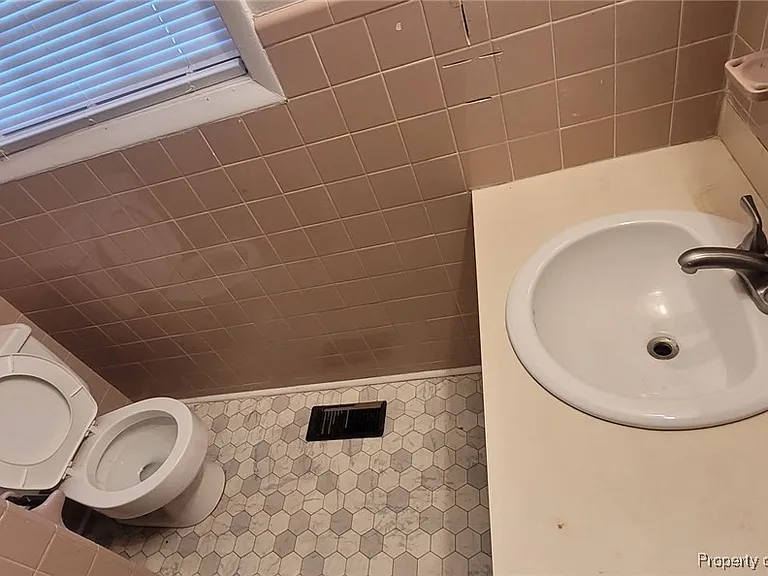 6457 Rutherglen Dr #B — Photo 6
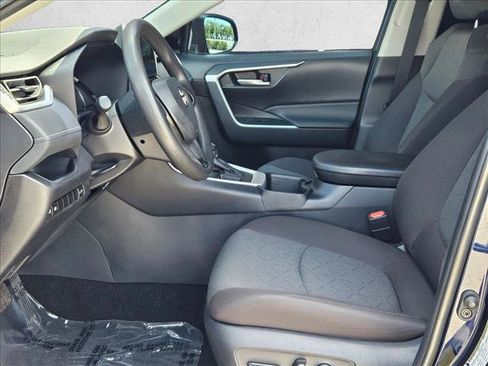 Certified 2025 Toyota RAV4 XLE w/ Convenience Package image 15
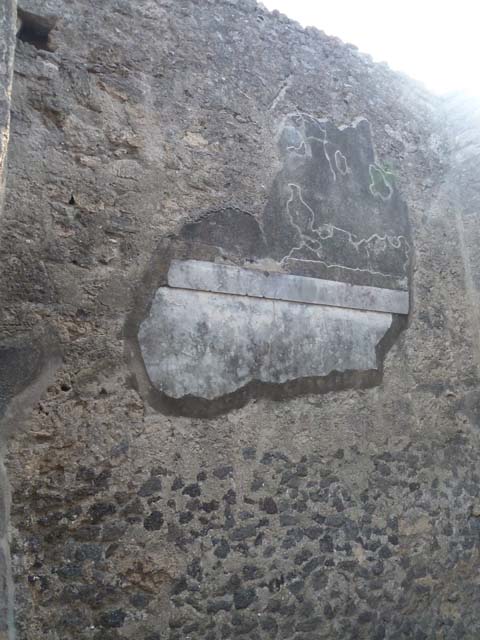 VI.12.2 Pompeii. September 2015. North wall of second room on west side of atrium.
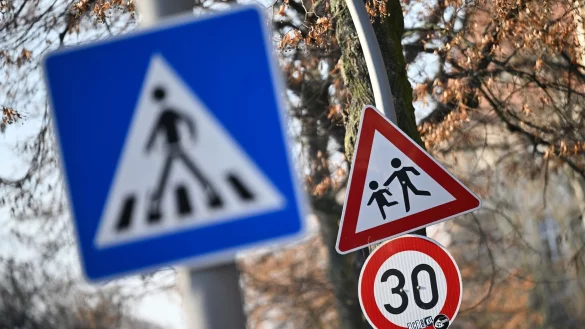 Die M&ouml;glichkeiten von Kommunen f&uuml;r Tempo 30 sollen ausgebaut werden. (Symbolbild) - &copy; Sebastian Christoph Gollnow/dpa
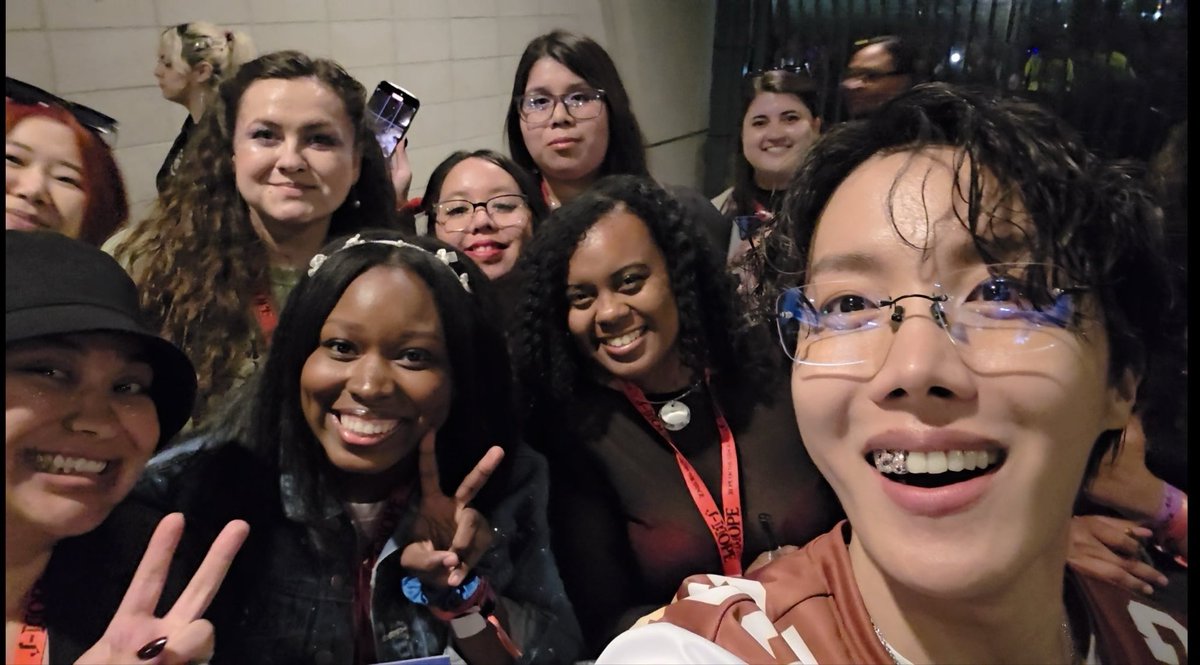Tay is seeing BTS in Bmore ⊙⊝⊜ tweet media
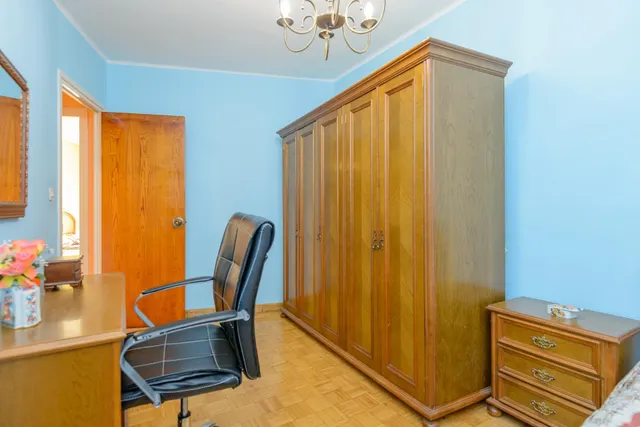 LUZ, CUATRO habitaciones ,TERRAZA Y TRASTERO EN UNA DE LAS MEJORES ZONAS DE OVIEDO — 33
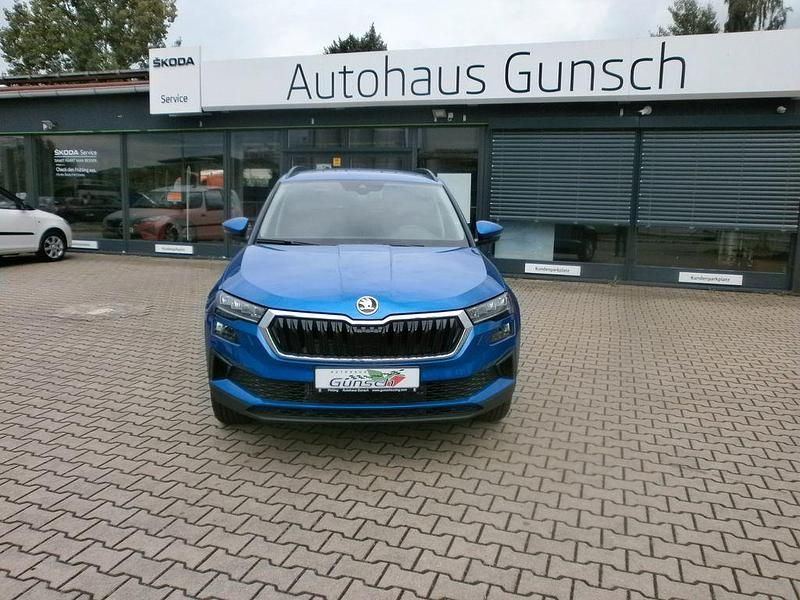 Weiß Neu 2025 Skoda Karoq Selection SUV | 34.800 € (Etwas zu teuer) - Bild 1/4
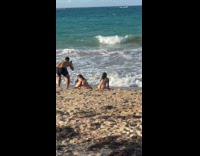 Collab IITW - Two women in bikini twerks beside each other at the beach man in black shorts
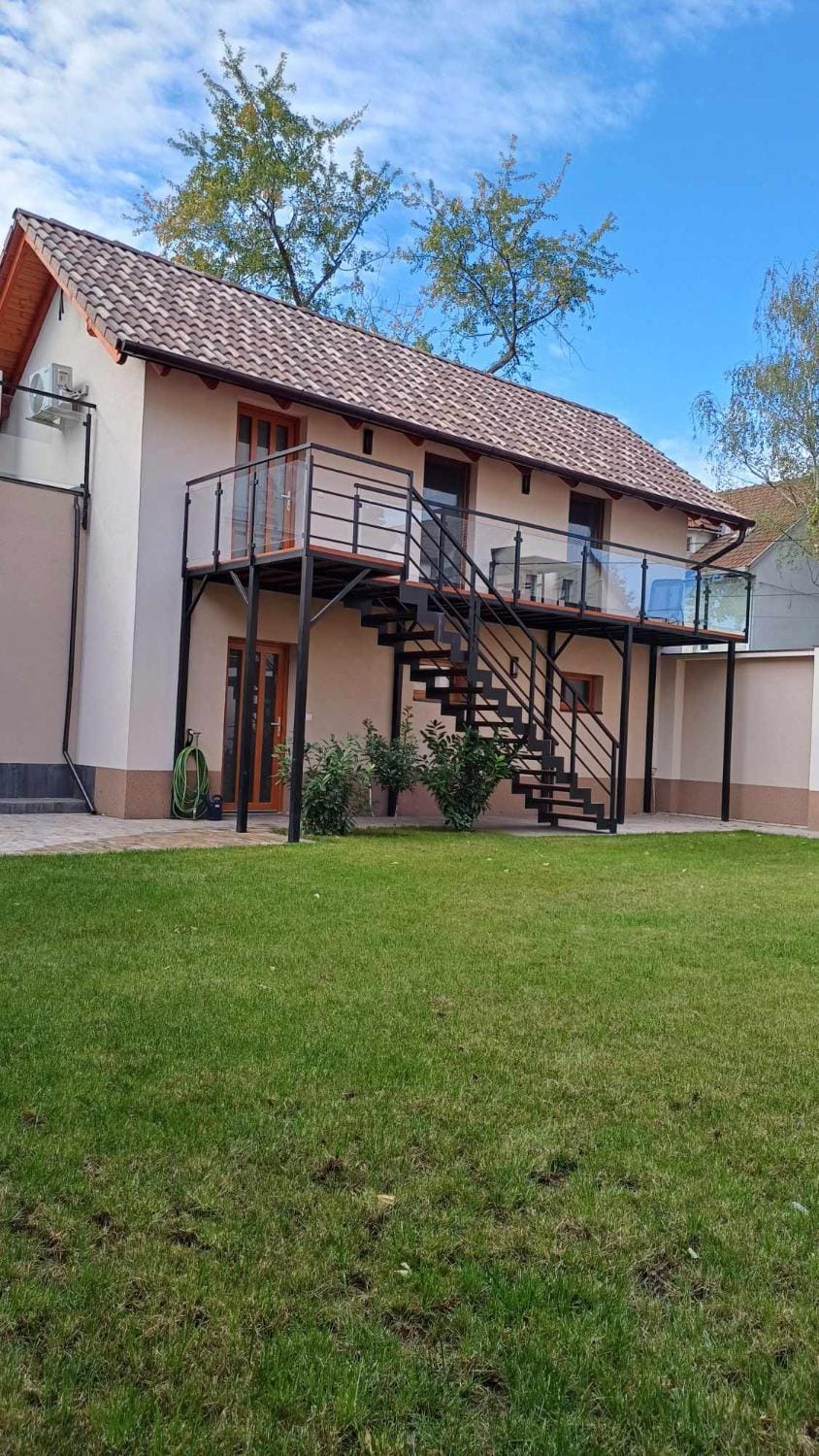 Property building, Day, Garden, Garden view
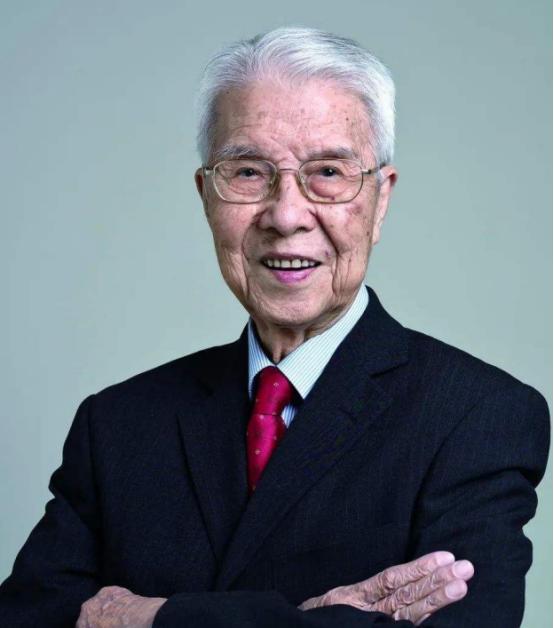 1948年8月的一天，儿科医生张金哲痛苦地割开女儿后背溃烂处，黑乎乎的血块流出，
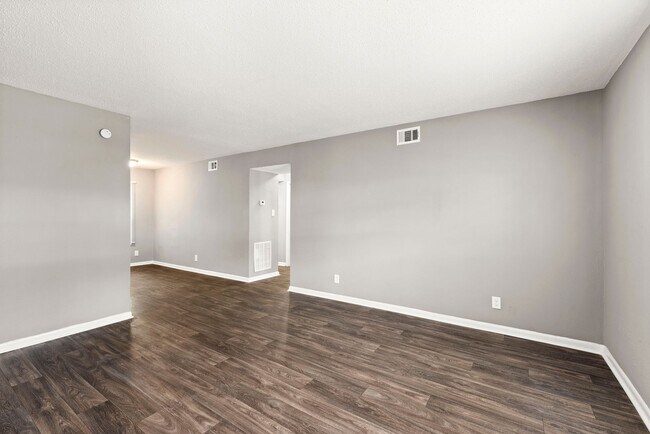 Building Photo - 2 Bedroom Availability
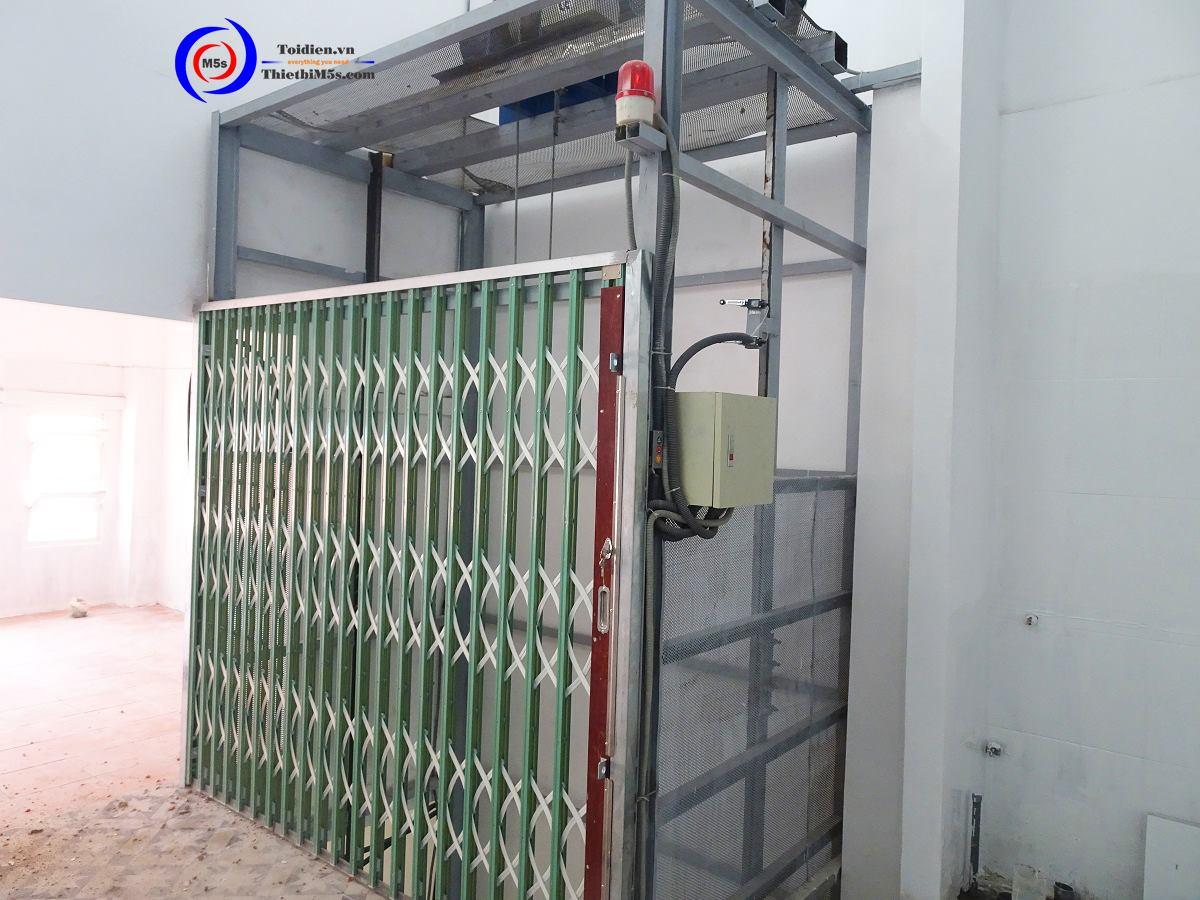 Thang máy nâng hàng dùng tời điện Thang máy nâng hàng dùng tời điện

### Assignment:
Write out again only the lines from the line that contains "Collab IITW - Two" through the last line of the records, both ends included, without any of the pictures.

### Reply:
 Collab IITW - Two women in bikini twerks beside each other at the beach man in black shorts
 Property building, Day, Garden, Garden view
 1948年8月的一天，儿科医生张金哲痛苦地割开女儿后背溃烂处，黑乎乎的血块流出，
 Building Photo - 2 Bedroom Availability
 Thang máy nâng hàng dùng tời điện Thang máy nâng hàng dùng tời điện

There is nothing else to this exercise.